His wonderful works. Oh, what a wonderful work it is, this work of God, this work of God’s grace to deliver His children who are of themselves empty and imprisoned and desolate and out of control in their sin. Oh, what a wonderful work of God that He would lead us forth by the right way, that He would satisfy the longing soul, as the psalm says, that He would fill the hungry soul with goodness, that He would bring us out of darkness and the shadow of death, that He would break the gates of brass and cut the bars of iron, that He would send His Word and heal us and deliver us from our destruction, that He would make the storm calm so that the waves thereof are still. Oh, what a wondrous redemption!

God has delivered us. Regardless of the present state of his life, every child of God experiencing that grace of salvation has reason, compelling reason, constraining reason, to praise and thank the Lord.
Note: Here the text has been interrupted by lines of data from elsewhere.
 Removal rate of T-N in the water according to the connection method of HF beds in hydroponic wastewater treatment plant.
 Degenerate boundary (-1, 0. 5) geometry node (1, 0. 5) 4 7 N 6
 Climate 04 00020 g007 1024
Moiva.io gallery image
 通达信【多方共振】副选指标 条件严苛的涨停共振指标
Let the redeemed of the Lord say so, says the psalmist. There must be a full chorus. All of God’s people, out of the experience of salvation by grace, are called to praise and to thank the Lord. There are none who are excluded. There is no silent member in God’s chorus. There is no soloist (not just one who shouts forth in praise). You must not say, “Well, for me today it is only despair and I have nothing to thank God about.” You must not say that.

Let all the people of God say so. Say what? That God is to be praised and God is to be thanked. Perhaps death surrounds your family at this time of the holiday. Perhaps problems and burdens come upon you in your own personal life. Perhaps there are sins, grievous sins, against which you struggle. You say, “How shall I sing?” Child of God, walking in humility before God, confessing your sins, to you the song of praise and thanksgiving belongs. It belongs to you today as much as to one who leaps in joy because God’s way leads him in happiness. In the light of God’s goodness and saving wonder, all the people of God must unite in praise and thanksgiving to God our Father.
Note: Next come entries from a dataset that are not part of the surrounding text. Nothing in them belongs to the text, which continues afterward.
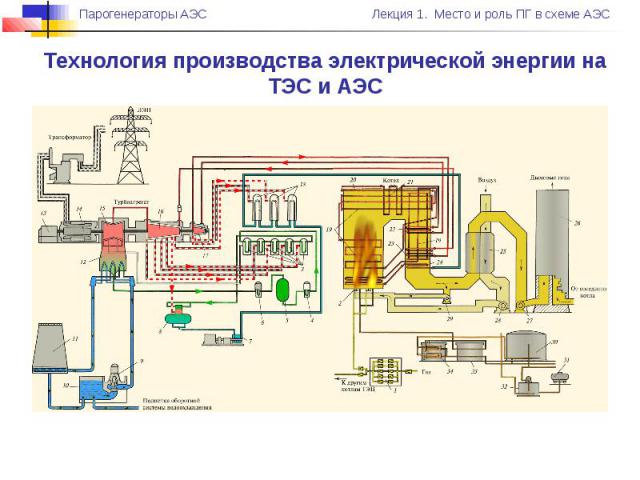 Технология производства электрической энергии на ТЭС и АЭС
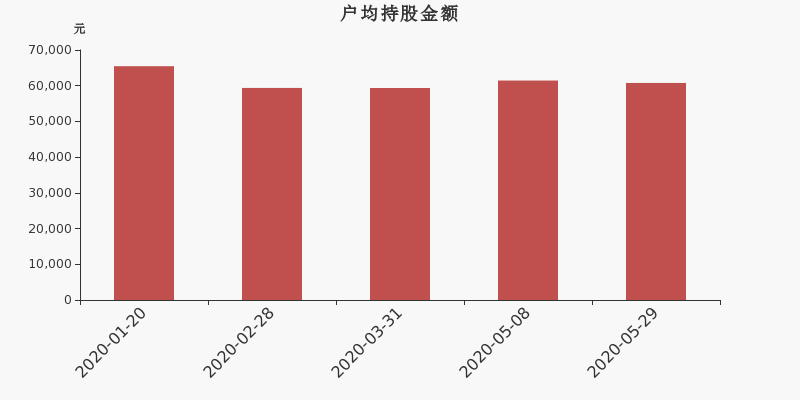 流通市值,户均持股,流通股本,总股本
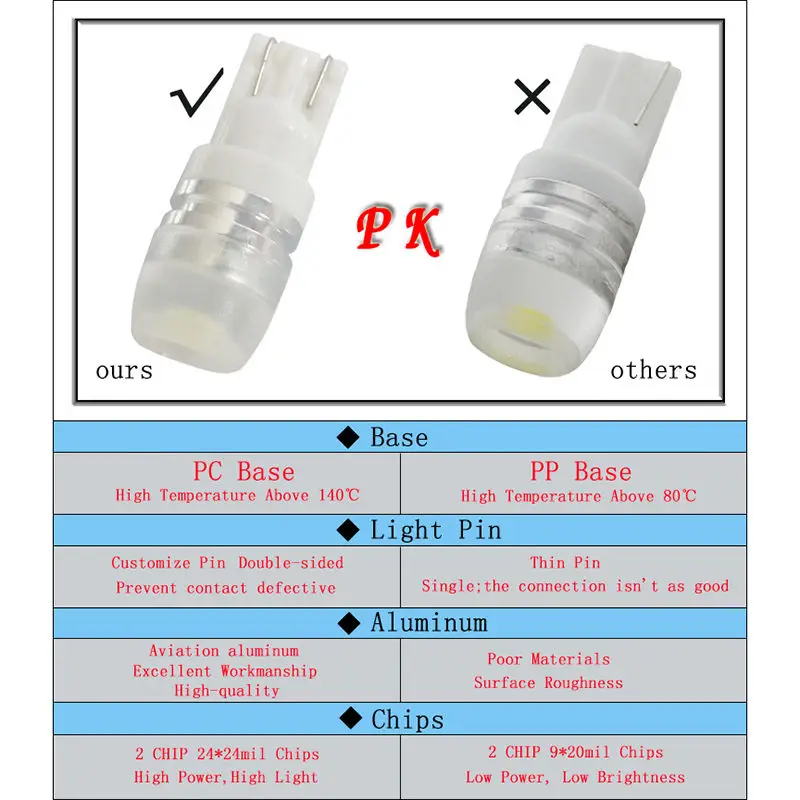 t10 led LS-YH-T10-W-01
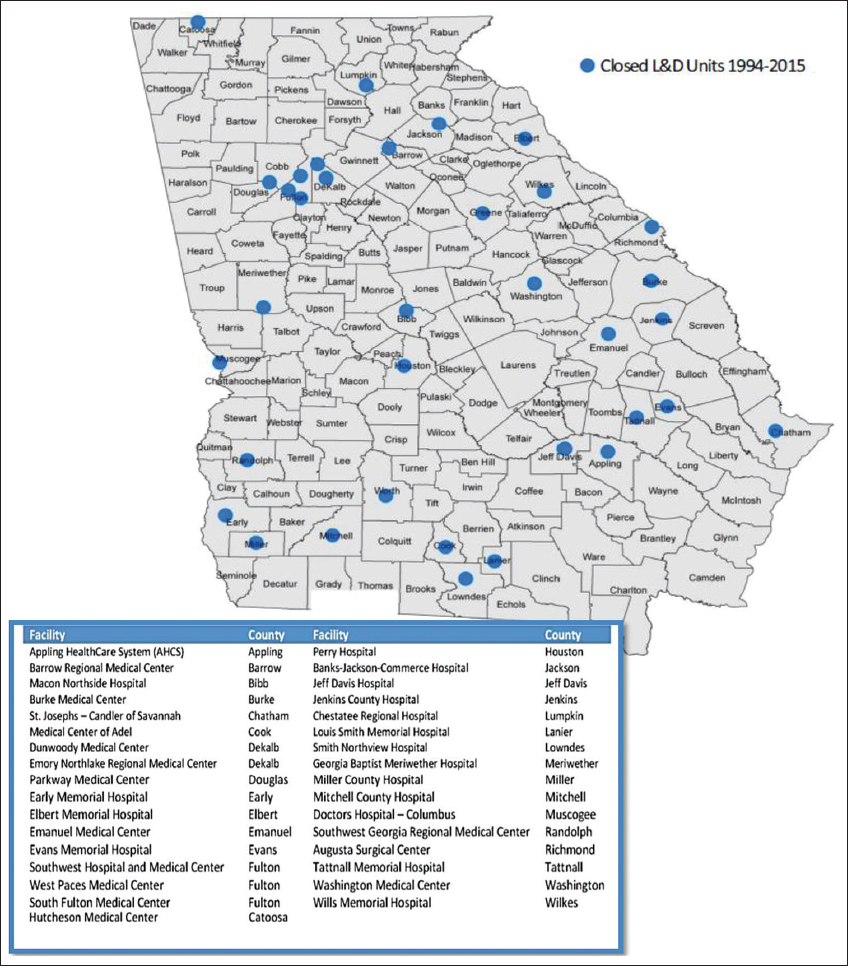 Closed Labor and Delivery Unite in Georgia (1994-2015). Obtained from Pinto et al. Bridging the Gaps in Obstetric Care: Perspectives of Service Delivery Providers on Challenges and Core Components of Care in Rural Georgia, 2016.35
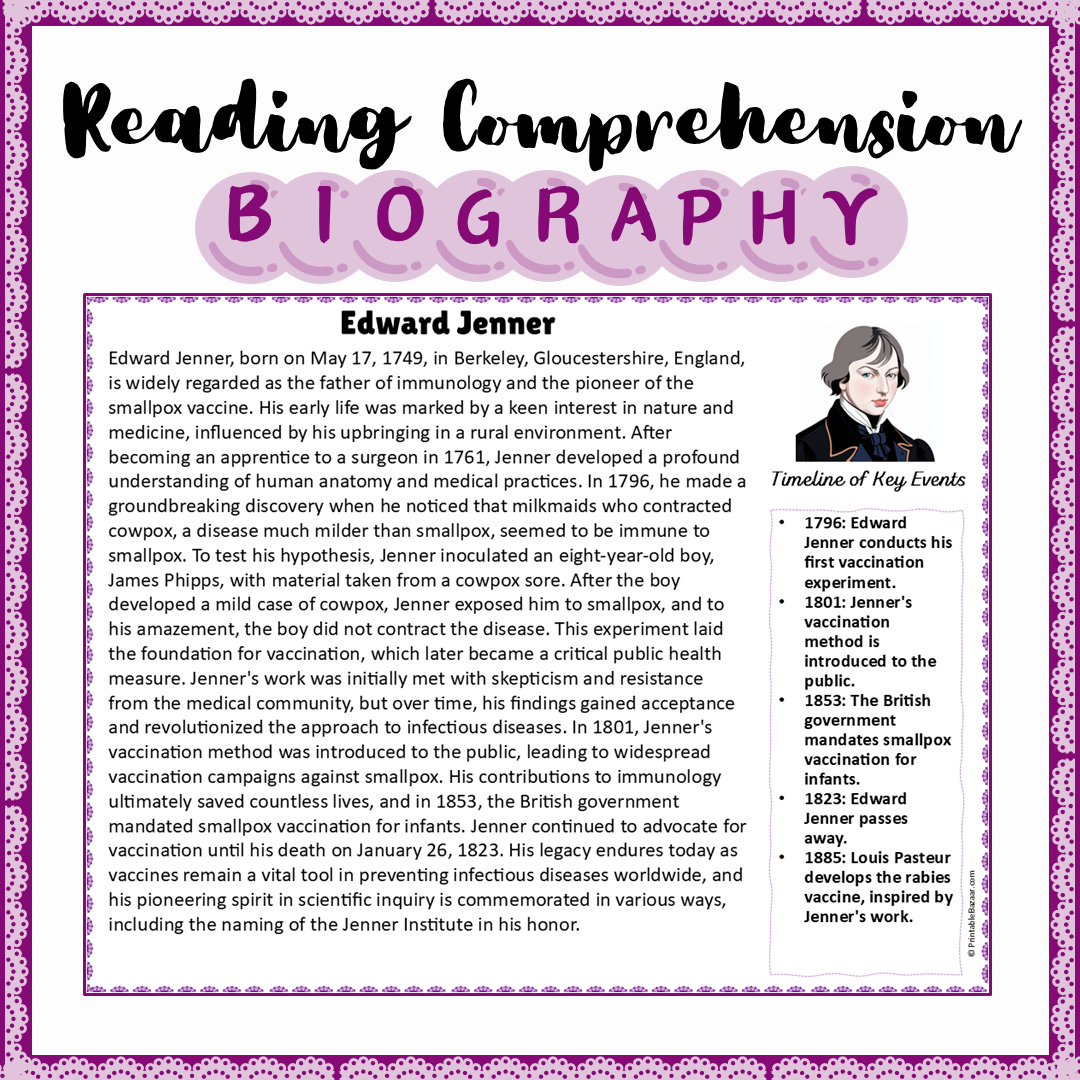 Edward Jenner | Biography Reading Comprehension and Questions Worksheet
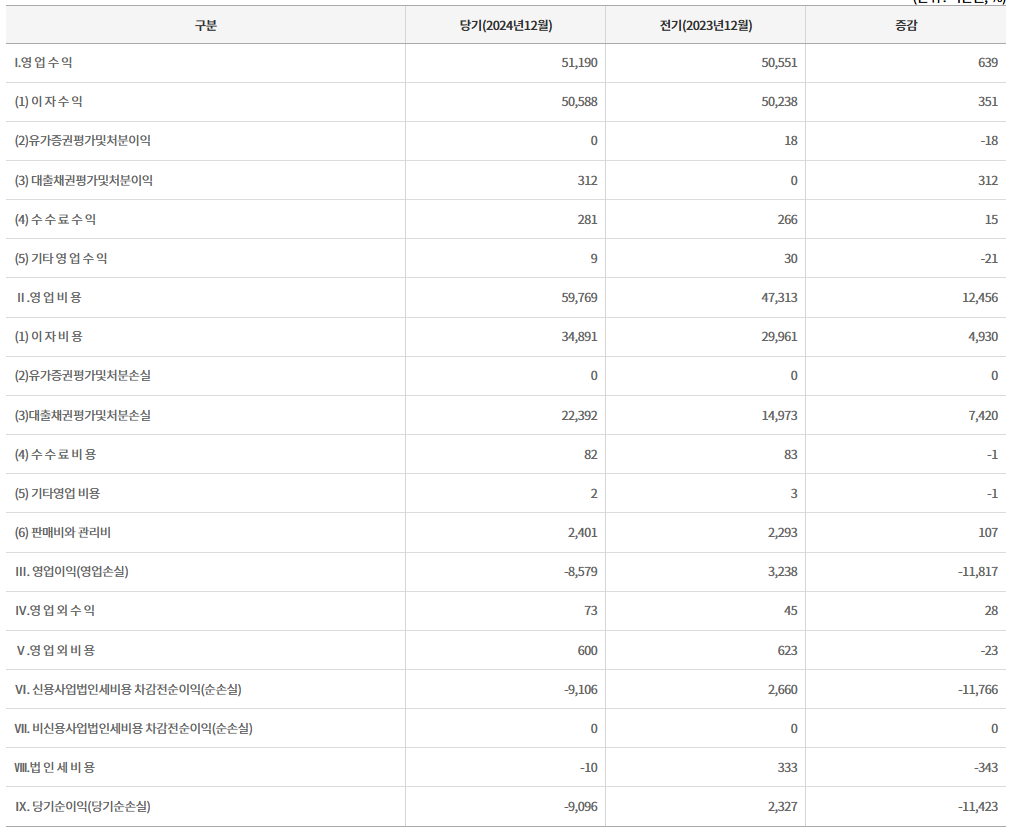 서울축산 새마을금고 24년 적자 90억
You, as a father or a mother, as a wife or a husband; you as a boy or girl, a child, an adult, a single or a married person; whether you have many children or are childless; whether you are old or young – do you know His goodness? Do you know His wonderful works to the children of men? Then praise is your duty! Your blessed and enjoyable task is to praise and thank the Lord, to thank Him for peace and rest in Christ Jesus, to thank Him for a spiritual city to dwell in, to thank Him that the bondage of sin has been broken and He has created in you new and holy desires, to thank Him for the knowledge of all He has done, to thank Him that He directs, by His sovereign will, each and every event in your life to lead to final glory, and to thank Him for the glorious salvation that is in Christ Jesus.

We must praise and thank Him. Do you? Is there in you this grace of God, a compelling desire to praise and thank the Lord? Oh, I know that our sin and our dullness does so much to muffle this. But is it there? Oh, I must praise and thank the Lord for His goodness and wonderful work, whatever the circumstances and conditions of my life. I must do so because of redemption. Then my heart, when I look upon that gracious redemption, cannot be silent. I must return and glorify God.
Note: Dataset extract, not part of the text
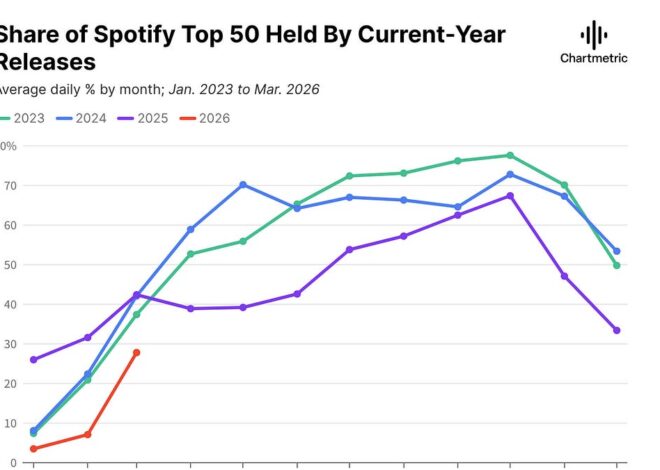 New Music Is Slowly Dying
Whoso is wise will observe these things. They shall understand the lovingkindness of the Lord. The angels understood it. The host of heaven understood it. Praise and thanksgiving is heard in God’s courts day and night. Why should we be excluded now? Why should not we who are the recipients of all of God’s goodness and wonderful works, why should we be silent? Must not we also join the chorus? Must we not also mingle our voices with those who sing the song of Moses and the Lamb?

Now thank we all our God!


Let us pray.

Father, we thank Thee for Thy word. Thou knowest, O Lord, that our hearts so often drag. Rather than praise we would murmur. Rather than thank we would complain. Lead us, O Lord, to see the lovingkindness in Christ Jesus our Lord, the wonderful works of our deliverance in order that we might be taught the song of praise and thanksgiving. Amen.